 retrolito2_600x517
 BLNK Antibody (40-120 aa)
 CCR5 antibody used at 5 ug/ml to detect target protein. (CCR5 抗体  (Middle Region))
※
Whatever appears in the data above must be copied word for word.

**EXERCISE RESPONSE**
 retrolito2_600x517
 BLNK Antibody (40-120 aa)
 CCR5 antibody used at 5 ug/ml to detect target protein. (CCR5 抗体  (Middle Region))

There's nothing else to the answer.